Patrick Collison once said at a Stripe all-hands, “We live our self-doubt.”

On the inside, the likelihood of negative events feels higher than positive ones. This is probably because negative events occur easily through inertia and complacency while positive breaks require tremendous effort to inflect the business.

Looking forward, it feels like we as employees are the Time Variance Authority working to ensure that the timeline of the company stays on the best, predictable path. We work to cleave branches that threaten to destabilize our trajectory.

Time Variance Authority Monitor

Retrospectively, the timeline followed feels self-evident. All the branches that could have been are cleaved and the narrative is set. Of course we ended up here, that’s where we are.

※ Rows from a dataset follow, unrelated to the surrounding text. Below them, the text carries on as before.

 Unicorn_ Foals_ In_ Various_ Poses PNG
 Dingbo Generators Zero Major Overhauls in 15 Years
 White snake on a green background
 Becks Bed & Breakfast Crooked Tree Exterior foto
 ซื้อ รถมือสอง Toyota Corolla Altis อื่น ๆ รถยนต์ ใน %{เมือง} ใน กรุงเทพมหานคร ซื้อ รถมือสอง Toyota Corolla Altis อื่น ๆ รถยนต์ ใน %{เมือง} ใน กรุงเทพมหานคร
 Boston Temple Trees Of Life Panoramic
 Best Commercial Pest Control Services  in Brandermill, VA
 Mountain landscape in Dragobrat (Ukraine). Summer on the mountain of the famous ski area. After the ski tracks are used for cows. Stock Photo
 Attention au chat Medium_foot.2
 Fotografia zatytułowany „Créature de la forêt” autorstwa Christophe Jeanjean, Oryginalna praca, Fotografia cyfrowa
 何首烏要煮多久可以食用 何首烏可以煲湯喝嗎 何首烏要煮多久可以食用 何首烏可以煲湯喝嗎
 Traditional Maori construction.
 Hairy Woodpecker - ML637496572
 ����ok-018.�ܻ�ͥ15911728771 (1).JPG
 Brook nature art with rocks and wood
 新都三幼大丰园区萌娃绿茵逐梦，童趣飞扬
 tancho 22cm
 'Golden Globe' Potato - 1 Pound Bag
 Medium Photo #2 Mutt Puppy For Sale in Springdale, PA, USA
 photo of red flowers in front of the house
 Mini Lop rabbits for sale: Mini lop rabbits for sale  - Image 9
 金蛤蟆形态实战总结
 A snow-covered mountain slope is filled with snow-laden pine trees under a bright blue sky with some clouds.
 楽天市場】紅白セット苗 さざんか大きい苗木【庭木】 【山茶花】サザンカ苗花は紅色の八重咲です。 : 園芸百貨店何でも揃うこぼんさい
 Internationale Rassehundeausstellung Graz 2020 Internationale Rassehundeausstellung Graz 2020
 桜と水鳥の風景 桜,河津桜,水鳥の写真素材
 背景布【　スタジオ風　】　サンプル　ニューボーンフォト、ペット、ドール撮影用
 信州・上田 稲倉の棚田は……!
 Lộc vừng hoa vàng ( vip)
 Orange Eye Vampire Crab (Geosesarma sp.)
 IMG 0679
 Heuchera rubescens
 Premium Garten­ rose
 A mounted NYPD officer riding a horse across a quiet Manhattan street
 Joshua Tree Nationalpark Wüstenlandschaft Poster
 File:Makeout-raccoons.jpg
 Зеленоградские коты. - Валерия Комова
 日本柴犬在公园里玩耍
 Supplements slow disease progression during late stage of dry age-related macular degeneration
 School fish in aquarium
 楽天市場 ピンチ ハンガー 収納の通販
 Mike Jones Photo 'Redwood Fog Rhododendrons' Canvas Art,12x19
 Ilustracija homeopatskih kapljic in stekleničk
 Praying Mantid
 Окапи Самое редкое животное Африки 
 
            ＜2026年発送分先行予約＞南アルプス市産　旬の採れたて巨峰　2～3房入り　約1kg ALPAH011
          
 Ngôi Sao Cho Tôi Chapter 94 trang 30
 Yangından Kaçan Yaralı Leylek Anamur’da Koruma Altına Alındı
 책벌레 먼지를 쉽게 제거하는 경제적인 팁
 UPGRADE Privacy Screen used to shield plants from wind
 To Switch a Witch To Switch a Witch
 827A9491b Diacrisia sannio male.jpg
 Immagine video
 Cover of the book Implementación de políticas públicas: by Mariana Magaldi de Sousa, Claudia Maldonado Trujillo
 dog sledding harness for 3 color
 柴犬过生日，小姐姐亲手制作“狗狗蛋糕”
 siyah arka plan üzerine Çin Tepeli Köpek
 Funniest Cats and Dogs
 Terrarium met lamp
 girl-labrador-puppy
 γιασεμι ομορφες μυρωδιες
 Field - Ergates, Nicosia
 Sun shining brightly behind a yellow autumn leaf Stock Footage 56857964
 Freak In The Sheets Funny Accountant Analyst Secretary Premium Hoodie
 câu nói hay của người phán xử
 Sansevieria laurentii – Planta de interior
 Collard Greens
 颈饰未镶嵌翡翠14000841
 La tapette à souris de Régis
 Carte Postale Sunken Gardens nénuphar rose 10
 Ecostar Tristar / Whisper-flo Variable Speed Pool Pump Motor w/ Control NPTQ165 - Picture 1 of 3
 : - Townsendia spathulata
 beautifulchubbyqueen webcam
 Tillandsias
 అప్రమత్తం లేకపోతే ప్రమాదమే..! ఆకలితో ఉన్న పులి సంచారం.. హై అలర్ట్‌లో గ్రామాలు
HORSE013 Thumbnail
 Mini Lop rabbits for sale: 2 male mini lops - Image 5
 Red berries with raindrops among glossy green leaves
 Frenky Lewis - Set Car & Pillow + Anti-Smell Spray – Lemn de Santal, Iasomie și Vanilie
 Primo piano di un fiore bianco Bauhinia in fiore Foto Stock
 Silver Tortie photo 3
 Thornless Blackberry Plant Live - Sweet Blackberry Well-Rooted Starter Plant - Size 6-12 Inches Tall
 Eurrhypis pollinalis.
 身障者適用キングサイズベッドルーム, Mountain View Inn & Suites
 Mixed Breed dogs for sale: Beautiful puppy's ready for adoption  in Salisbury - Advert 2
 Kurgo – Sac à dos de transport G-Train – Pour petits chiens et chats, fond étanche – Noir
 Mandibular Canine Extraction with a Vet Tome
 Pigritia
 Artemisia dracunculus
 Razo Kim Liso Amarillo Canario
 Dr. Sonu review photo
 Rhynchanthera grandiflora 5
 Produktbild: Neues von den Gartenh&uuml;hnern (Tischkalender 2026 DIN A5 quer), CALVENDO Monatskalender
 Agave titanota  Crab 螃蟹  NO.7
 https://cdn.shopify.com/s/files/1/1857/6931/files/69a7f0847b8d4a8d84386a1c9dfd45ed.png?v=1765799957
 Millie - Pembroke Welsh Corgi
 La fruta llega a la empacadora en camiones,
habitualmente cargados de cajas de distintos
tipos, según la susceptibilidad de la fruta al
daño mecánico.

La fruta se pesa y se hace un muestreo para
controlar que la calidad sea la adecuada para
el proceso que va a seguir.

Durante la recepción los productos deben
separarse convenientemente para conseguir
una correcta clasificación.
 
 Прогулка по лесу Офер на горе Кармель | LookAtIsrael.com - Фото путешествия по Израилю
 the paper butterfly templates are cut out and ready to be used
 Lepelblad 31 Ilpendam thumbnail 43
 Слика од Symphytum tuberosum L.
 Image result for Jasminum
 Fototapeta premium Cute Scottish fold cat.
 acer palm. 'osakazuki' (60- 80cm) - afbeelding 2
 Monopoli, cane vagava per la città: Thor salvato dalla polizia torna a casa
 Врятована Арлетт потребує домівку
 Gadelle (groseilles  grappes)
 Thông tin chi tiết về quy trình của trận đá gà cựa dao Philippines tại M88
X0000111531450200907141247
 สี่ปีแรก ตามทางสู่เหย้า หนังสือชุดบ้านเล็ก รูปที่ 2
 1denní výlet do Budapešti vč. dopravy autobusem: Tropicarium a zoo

This comes up from time-to-time with former coworkers from Duo Security. Cisco acquired Duo in 2018 for $2.35B. This was undeniably a great result.

One of the former Duo executives likes to quip along the lines of “Yes, and we could have done a lot better if we had been more disciplined.”

I’m not so sure about that. It’s hard to know prospectively which ideas may lead to the next $100M in ARR. And I’ve been skeptical of enough ideas that do so to remain skeptical of my own predictive abilities.

Conversely, there were a lot of paths that might have been worse than the result Duo arrived at. Nation state adversaries were constantly trying to breach Duo and compromise customers’ authentication systems. Attacker luck or a simple error like an employee getting phished may have led to this. For a security company whose sole purpose is protecting customers, that’s game over and would decimate the company’s value.

About a year before the Cisco acquisition Duo was in the process of being acquired by another MegaCorp for just under $1B. A signed term sheet and everything. Just before close, the acquirer pulled out. It felt devastating at the time, like we’d peaked. Duo instead raised $70M and just 12 months later was acquired for >2x those terms. Not a bad ROI for a year’s time.

There’s a reason that one of Stripe’s Operating Principles was once: We Haven’t Won Yet.

It’s easy to revise the narrative of what occurred; fortune telling forward is far more fraught with peril.

Avoid complacency and stay diligent.